→ Your task: Could you print the stretch of lines below from the one with "따뜻한 육수의 잔치국수 한 그릇" through the one with "Bota feminina casual", exactly as they stand and without any pictures?

→ Given data:
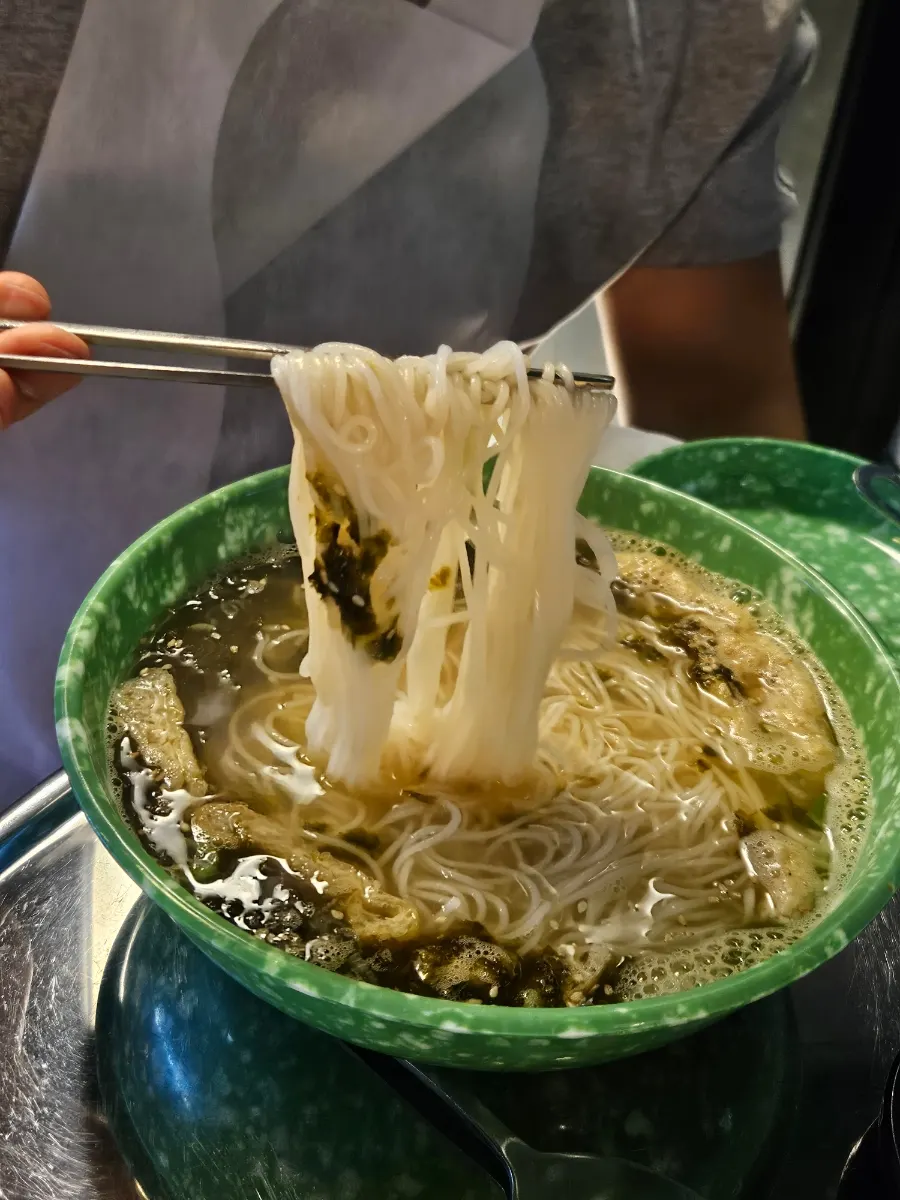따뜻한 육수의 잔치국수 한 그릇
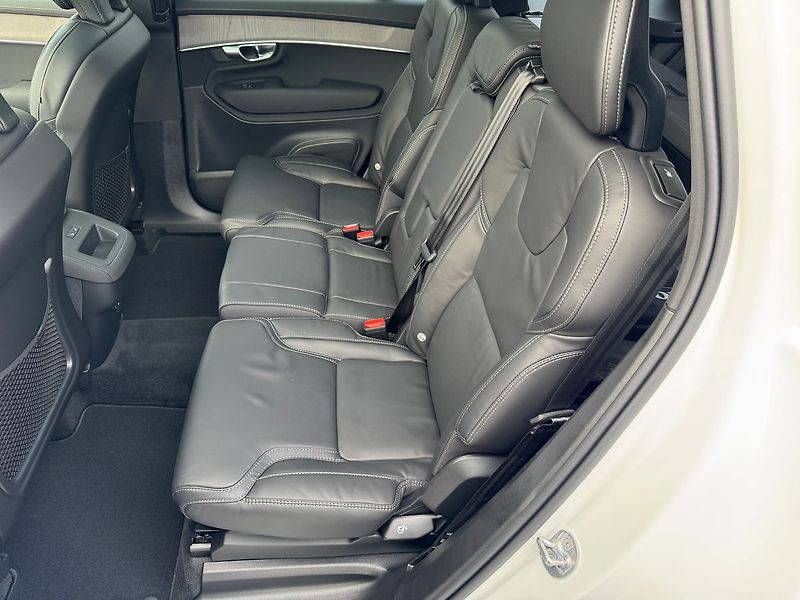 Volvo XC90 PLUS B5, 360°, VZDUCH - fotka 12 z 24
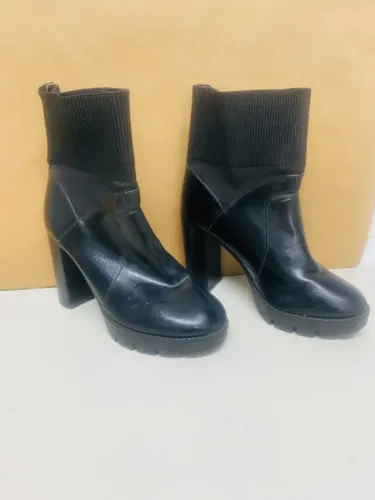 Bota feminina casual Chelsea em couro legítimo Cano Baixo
...
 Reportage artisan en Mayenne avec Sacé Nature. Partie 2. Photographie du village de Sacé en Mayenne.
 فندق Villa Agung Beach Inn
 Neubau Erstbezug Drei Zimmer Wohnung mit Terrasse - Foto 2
---
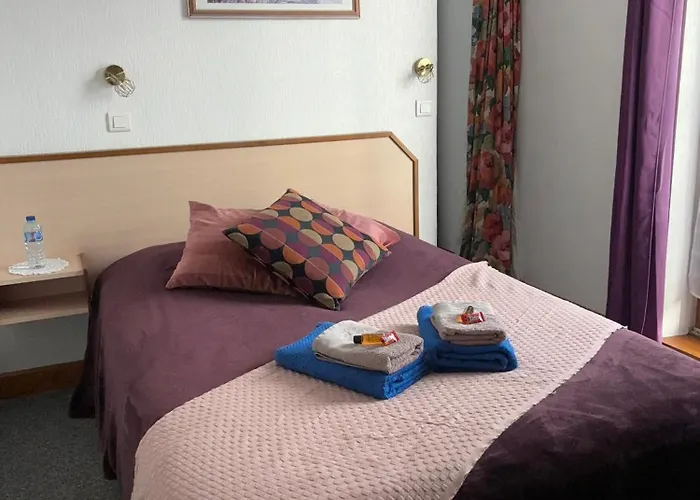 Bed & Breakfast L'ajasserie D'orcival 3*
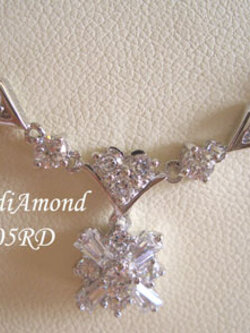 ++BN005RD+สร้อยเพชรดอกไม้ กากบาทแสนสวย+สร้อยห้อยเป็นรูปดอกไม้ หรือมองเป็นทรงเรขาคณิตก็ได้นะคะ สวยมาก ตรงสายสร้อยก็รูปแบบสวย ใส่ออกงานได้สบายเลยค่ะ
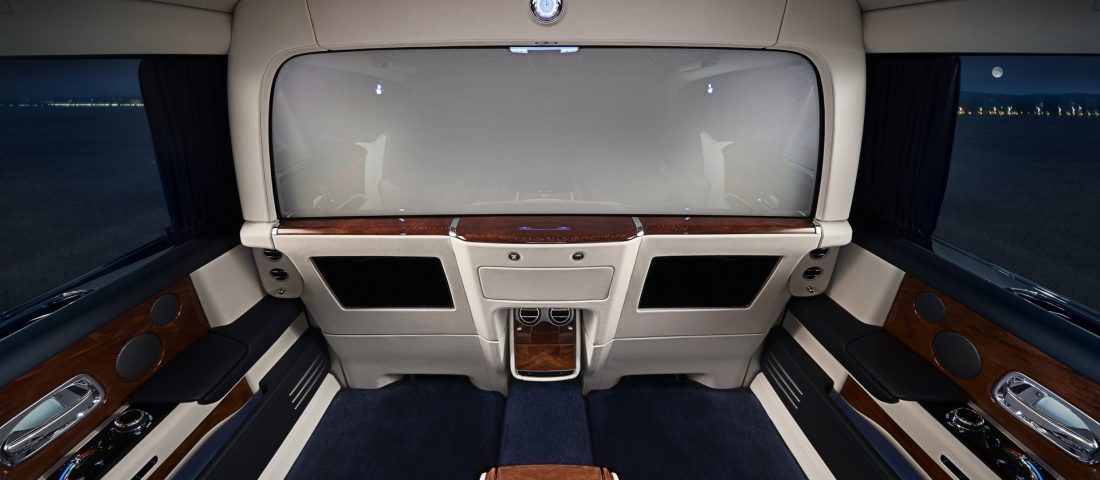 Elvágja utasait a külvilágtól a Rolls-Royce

→ Result of the task:
따뜻한 육수의 잔치국수 한 그릇
 Volvo XC90 PLUS B5, 360°, VZDUCH - fotka 12 z 24
 Bota feminina casual Chelsea em couro legítimo Cano Baixo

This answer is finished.